Sur scène, il décide de mener l’enquête : comment en est‐​il arrivé à penser à Hitler, à atteindre le point Godwin de bon matin et après une nuit d’ébats ? Notre personnage ne semble pas capable de répondre à cette question sans digression et mise en abyme de la digression. Après un passage par les écrits d’Isaac Bashevis Singer, prix Nobel de littérature, les dix commandements , nous découvrons mi‐​effarée, mi‐​amusée, les notes du docteur Bloch, le médecin de la “maman d’Hitler” : “À sa mort [de Klara Hitler], jamais je n'ai vu quiconque aussi terrassé par le chagrin qu'Adolf… Hitler”. Comment interpréter ce témoignage ? Qu’il aurait mieux fait de rencontrer Freud avant de… 

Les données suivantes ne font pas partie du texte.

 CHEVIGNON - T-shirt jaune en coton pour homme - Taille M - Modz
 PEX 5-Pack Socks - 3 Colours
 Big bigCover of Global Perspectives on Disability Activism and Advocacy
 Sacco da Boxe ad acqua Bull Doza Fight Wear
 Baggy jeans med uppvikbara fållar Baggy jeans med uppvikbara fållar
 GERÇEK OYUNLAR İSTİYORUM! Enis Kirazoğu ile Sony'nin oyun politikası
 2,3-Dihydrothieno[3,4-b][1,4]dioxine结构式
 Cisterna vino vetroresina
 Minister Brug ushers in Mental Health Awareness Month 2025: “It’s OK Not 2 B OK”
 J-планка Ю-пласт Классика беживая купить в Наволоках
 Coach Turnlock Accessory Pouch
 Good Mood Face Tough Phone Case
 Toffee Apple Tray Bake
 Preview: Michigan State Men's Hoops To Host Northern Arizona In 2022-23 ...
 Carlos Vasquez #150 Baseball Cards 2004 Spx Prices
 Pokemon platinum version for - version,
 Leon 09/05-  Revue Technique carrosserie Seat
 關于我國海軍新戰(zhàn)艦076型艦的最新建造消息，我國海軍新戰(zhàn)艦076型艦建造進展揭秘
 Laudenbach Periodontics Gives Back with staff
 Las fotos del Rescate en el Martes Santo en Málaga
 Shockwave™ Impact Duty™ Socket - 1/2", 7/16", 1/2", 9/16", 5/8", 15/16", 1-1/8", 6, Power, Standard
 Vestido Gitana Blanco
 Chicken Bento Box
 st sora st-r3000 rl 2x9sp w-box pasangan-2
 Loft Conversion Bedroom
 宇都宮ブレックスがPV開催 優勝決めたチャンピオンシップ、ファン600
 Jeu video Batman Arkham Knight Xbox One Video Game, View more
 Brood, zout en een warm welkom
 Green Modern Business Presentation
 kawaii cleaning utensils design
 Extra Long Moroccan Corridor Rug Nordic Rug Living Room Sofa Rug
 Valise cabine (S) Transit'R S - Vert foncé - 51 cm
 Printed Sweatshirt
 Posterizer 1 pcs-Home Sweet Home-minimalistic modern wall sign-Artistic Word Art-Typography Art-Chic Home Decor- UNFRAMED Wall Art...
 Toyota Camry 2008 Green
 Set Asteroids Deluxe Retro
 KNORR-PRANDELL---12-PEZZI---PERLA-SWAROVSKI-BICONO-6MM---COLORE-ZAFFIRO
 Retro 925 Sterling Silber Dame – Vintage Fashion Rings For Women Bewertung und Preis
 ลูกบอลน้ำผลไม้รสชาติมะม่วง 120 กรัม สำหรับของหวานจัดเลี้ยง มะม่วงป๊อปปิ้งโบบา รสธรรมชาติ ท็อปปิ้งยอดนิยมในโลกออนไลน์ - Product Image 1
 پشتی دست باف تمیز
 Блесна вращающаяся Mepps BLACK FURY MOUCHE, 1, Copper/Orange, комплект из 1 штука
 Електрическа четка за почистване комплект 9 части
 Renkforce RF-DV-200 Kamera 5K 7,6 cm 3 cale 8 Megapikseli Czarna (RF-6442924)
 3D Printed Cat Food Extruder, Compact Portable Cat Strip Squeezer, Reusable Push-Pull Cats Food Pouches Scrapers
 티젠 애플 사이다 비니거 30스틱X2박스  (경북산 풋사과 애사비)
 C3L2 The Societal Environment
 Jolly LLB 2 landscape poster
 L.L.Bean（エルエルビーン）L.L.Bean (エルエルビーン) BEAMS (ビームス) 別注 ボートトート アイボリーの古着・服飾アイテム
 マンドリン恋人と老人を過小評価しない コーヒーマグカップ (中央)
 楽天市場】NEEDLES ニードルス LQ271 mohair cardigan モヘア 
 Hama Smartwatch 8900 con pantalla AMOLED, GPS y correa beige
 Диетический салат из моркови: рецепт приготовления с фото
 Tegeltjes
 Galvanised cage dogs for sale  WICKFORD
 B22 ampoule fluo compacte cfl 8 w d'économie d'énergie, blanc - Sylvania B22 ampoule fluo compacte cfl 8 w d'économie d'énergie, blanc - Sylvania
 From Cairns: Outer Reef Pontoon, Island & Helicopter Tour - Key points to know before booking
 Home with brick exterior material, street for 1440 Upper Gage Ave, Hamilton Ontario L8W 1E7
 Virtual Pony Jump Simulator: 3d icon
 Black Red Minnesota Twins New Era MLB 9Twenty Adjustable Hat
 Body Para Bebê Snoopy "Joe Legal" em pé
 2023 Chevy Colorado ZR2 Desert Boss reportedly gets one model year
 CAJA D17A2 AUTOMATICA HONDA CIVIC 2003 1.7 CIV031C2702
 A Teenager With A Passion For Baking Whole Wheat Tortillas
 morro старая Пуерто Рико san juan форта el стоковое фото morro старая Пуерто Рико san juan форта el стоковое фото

Peu nous importe, l’enquête se poursuit avec la même spontanéité, sans paraître pour autant décousue. Désormais, il est question de son père, notre narrateur s’approche d’une possible résolution, il “chauffe”. Enfant, son père a survécu – par miracle – aux rafles et déportations : la police surgit chez lui, il se cache et “se retient de bouger, quasiment même de respirer”. Faire le mort pour continuer à vivre. C’est une phrase (ou une stratégie) qui nous habite encore. Il y a quelque chose d’autre qui nous secoue : la généalogie familiale qui s’interrompt, il ne reste plus qu’un tronc, pas de bourgeons. En raison des disparus. Mais aussi de ceux qui ne sont pas nés. Ses oncles et sa tante n’ont pas donné naissance à une descendance sûrement “parce que leurs ‘parents’ entre guillemets ont été assassinés avant de pouvoir devenir leurs parents”. Le narrateur non plus n’a pas souhaité devenir père. Pour ne pas prendre le risque de perdre ses enfants. Pas d’enfant, pas d’enfant raflé. 

La Shoah continue d’abîmer, même après deux décennies de psychanalyse et une pratique assidue du yoga. Elle ne s’arrête pas en 1945 au moment de la libération des camps, elle déploie ses tentacules dans nos cauchemars (et ceux de nos descendants), lorsque nous sommes poursuivis par des “méchants”. Dans nos choix de vie, lorsque le suicide se révèle plus salvateur que la perpétuation d’une existence troublée. Dans nos pensées, lorsque Hitler s’insinue dans nos souvenirs d’enfance (et nos vies amoureuses). Lorsqu’après la guerre, Gérard Blitz, un Juif belge entré en résistance, donne vie au Club Med, des vacances pensées comme un contre‐​camp. Là où tout est permis. “Dans le camp, on mourait de faim, dans le contre-camp, on pourra manger à volonté, sans limites. Dans le camp régnait la haine, le contre-camp sera un lieu de rencontres et d'amour. Les GO, les Gentils Organisateurs, remplaceront les kapos ! Dans le camp le mot ‘loisir’ n'avait aucun sens, dans le contre-camp le loisir sera roi.”